If we thought like angels or God, we could wake up in the morning and immediately know that dad was in the kitchen making breakfast. We would not need to move through the senses, reflect on things, refer to memory, analyze, make inferences, and draw conclusions. We would simply know.
Instead, there is an order in learning which is more fundamental to our creaturehood. Rather, a person wakes in their bedroom and realizes they smell something. They reach out, almost unconsciously, into memory and recognize the smell, perhaps that of sliced oranges or bacon cooking.
By reaching into the mind through memory, one actually reaches into the world without. Through reason, one might conclude that it is Saturday, so dad is probably in the kitchen cooking or getting breakfast ready. All the cozy feelings of being in bed, knowing that someone is out their cooking is arrived at not by immediate intuition (angelic insight), but by moving through the senses and experience to memory and reason.
This has a peculiar glory to it. Human knowledge has the glory of traversing the whole of creation and uniting it in the knower–reaching through material creation, animal life, and rational comprehension. In fact, the peculiar glory of human rationality is that each of the lower orders of reality are united by and illuminated in the intellect and drawn into what is a distinctly human life.

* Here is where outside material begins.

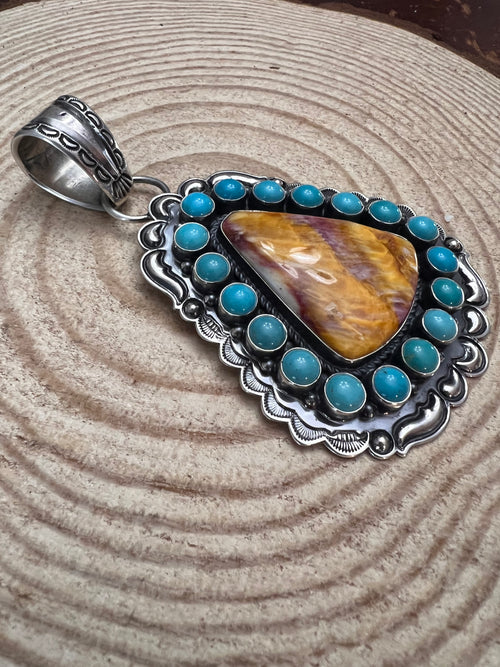 Roland Dixson Spiny Oyster, Turquoise & Sterling Silver Statement Pendant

Through the order of knowing, we reach out to the creation while simultaneously reaching into ourselves and thus the interior is united to the world without.
In this way, God has made man a site of unity, a kind of nexus or node of all reality. He has done so, by making man like unto himself in very particular way. In this manner, all the levels and modes of being (material, vegetative, animal, and spiritual) find a meeting place and an order, and in this order they give glory to their Source.